Task brief: The whole listing below is to be copied exactly, with every picture left out.

Given material:
────────
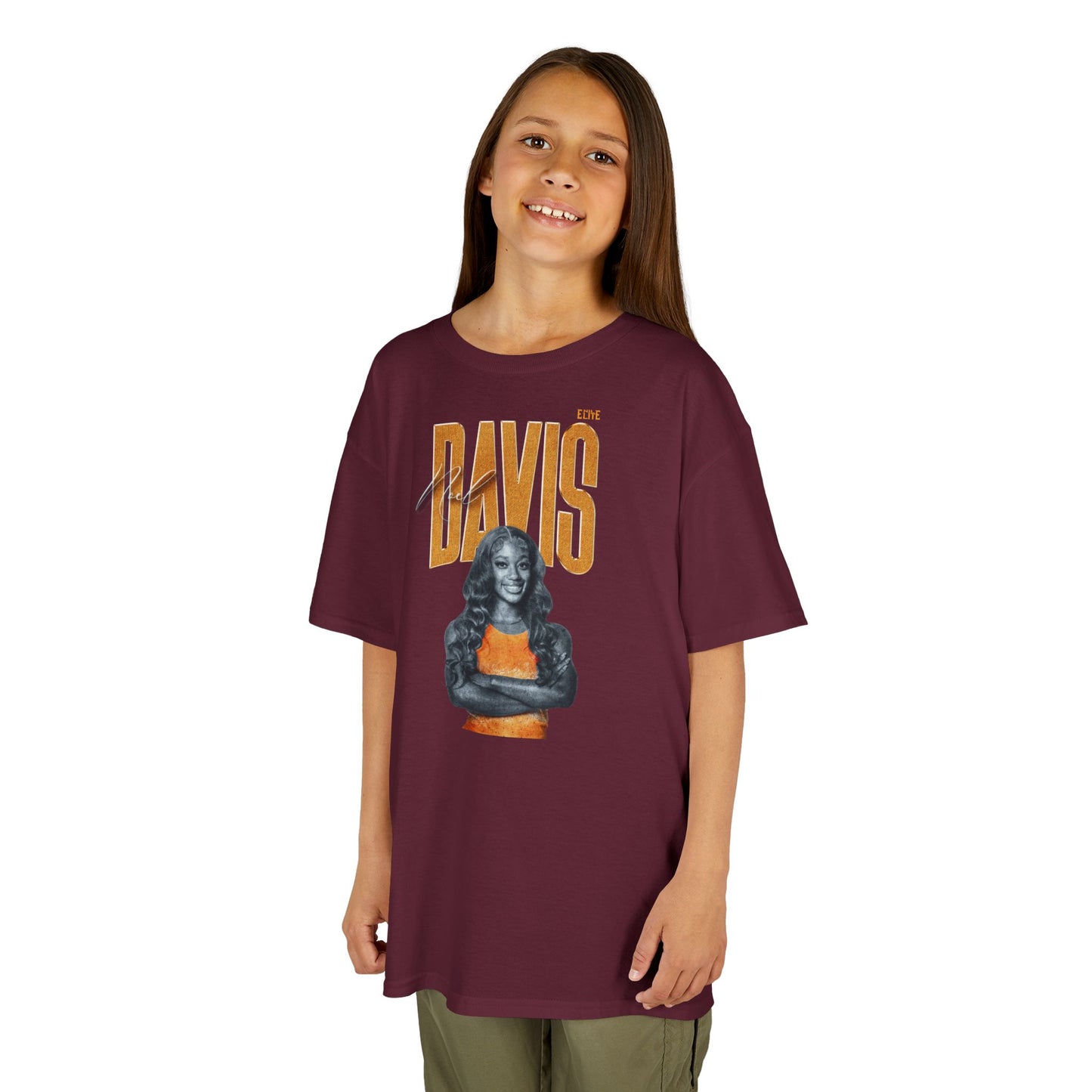 Noël Davis Faded Glory Kids Tee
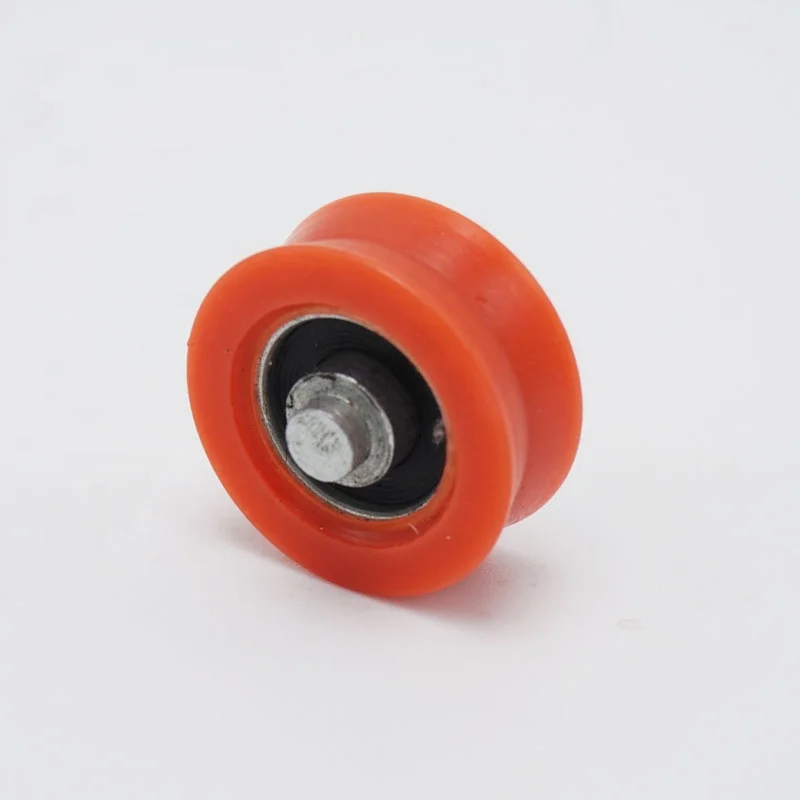 long life 602zz plastic/nylon sliding wardrobe door roller pulley wheels with bearing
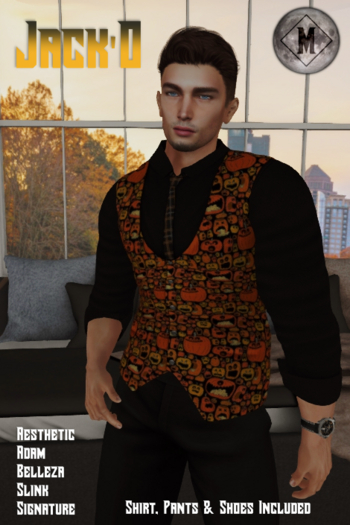 Jack'O Semi-Formal Outfit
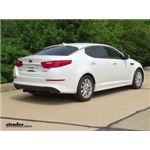 Trailer Hitch Installation - 2015 Kia Optima - Curt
────────
Exercise output:
 Noël Davis Faded Glory Kids Tee
 long life 602zz plastic/nylon sliding wardrobe door roller pulley wheels with bearing
 Jack'O Semi-Formal Outfit
 Trailer Hitch Installation - 2015 Kia Optima - Curt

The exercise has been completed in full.